Task to complete
Exactly as they stand, copy the lines from the one containing "UBB antibody" to the final line of the data; leave out the pictures.

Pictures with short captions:
"""

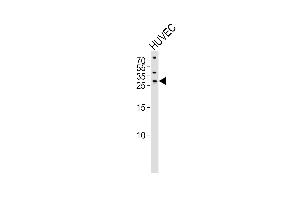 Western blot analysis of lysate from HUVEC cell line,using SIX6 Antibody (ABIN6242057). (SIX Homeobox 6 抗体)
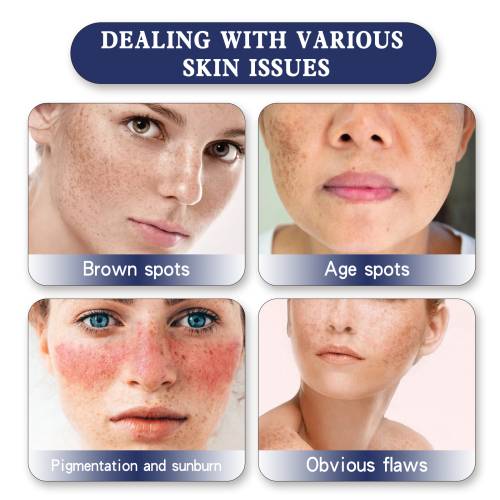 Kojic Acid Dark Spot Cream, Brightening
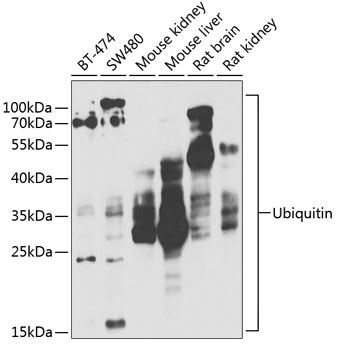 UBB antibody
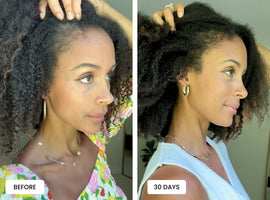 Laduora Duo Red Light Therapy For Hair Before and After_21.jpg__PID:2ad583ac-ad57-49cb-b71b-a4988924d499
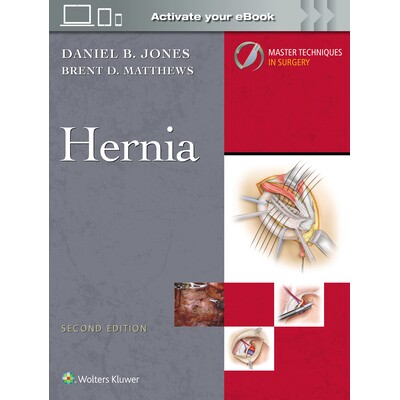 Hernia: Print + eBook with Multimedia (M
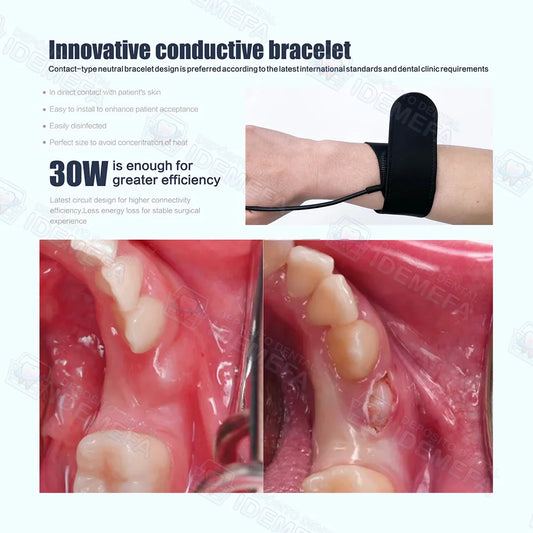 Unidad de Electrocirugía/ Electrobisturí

"""

Expected answer
 UBB antibody
 Laduora Duo Red Light Therapy For Hair Before and After_21.jpg__PID:2ad583ac-ad57-49cb-b71b-a4988924d499
 Hernia: Print + eBook with Multimedia (M
 Unidad de Electrocirugía/ Electrobisturí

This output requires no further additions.